In fact, Wanted: Babysitter is unwisely light, at least in the version I saw, on both sex and violence. Schneider isn’t “wanted” in the same way she had been in Last Tango in Paris; as a sculptor who supports herself by taking care of wealthy people’s children, she’s recruited by her friend Ann to babysit a young boy who’s actually been kidnapped by Morrow and Vaughn. While they negotiate a ransom from the boy’s rich father, Michelle and the kid are mostly left alone, locked into an old dark house in a quiet neighborhood of Rome. For at least half of whatever paying audience attended in the ‘70s, this was likely not why they had bought tickets to the suggestively titled new vehicle for Last Tango in Paris’ female star. The villains’ conspiracy eventually falls apart exactly as you’d expect and want from a kidnapping movie, but it’s never as uninhibitedly thrilling as one of the gialli no doubt shooting next door to Clement in 1975 Rome.
Wanted: Babysitter is not, I should probably add, a terrible movie. It’s hard to fairly judge or fully enjoy watched on the DVDs available in North America, which are terrible, full-frame transfers of TV prints or videotapes (the source for the murkiest images here), but the basic competence of Clement and a team of collaborators culled from some of European filmmaking’s finest still shines through the audiovisual murk. It’s a rainy Sunday kind of an entertainment, a meeting of high standards of craftsmanship and realistic goals that’s never in much danger of embarrassing itself.

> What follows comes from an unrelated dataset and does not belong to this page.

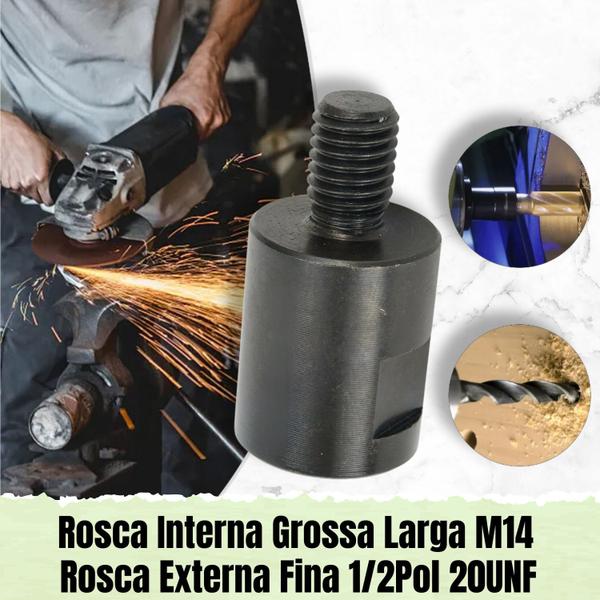 Imagem de Kit 2 Parafuso Conector Mandril Conversor Adaptador de Rosca M14 pra 1/2Pol 20unf pra Esmerilhadeira Lixadeira Angular Rebarbadora Polimento Arbor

If anything does raise Wanted: Babysitter above its modest ambitions and even more modest accomplishments, it’s the real-life associations that over time have forcibly attached themselves to a movie that on its own merits has barely been noticed. Simply the sight of Maria Schneider and Vic Morrow on screen together, and in service of a story filled with cynicism against the movie industry, does far than anything in the script or direction to justify the movie’s dour and exhausted mood. And knowing that Clement would never work again, and Schneider rarely in a starring role in a project this mainstream, makes Michelle the babysitter’s final moments of traumatized survival much more affecting than might have occurred to anyone at the time looking at the completed film just to figure out how they were going to make back their money.

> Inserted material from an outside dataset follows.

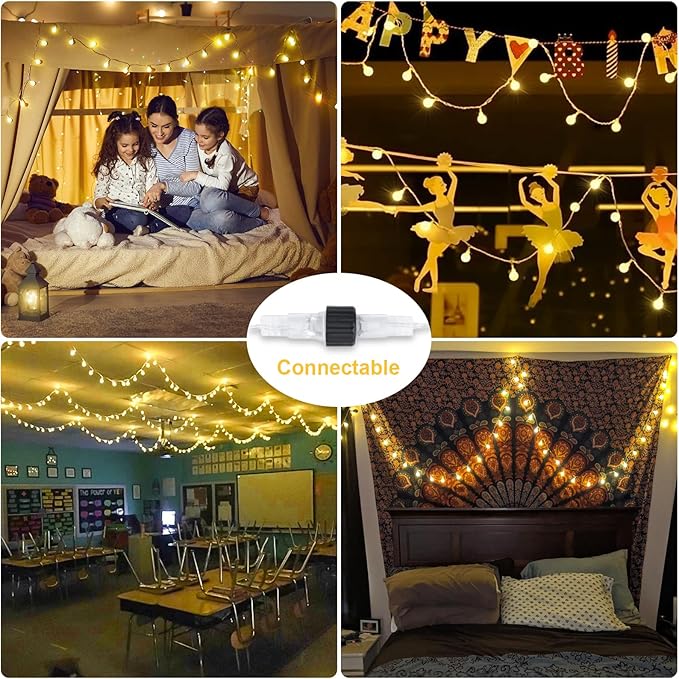 JMEXSUSS 100 LED Connectable Globe String Lights Indoor Bedroom, 33ft Warm - Image 4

And, as I first wrote, it is finally most valuable as a Maria Schneider film. In the wake of Last Tango, she was sometimes treated, in reviews which now read as astonishingly sexist and condescending, as a footnote to Bertolucci and Brando’s success. In a role which has her mostly isolated, and without any “romantic” interest, it’s easier to see a real talent and presence, out of the reflected glare of a heavyweight Hollywood co-star. From its misleading and faintly absurd titles to its underachieving delivery of genre thrills, Wanted: Babysitter is a prime candidate for being forgotten by time, and it’s fulfilled that fate for the most part. As the expose of the evils of kidnapping and the foibles of the film industry which was released, barely, in 1975, it may not be particularly worthy of any place in our memories. Since February 3, 2011, however, Wanted: Babysitter has not been a movie about any of those things, but rather one about the lost talent and beauty of Maria Schneider, and for that it is worth remembering.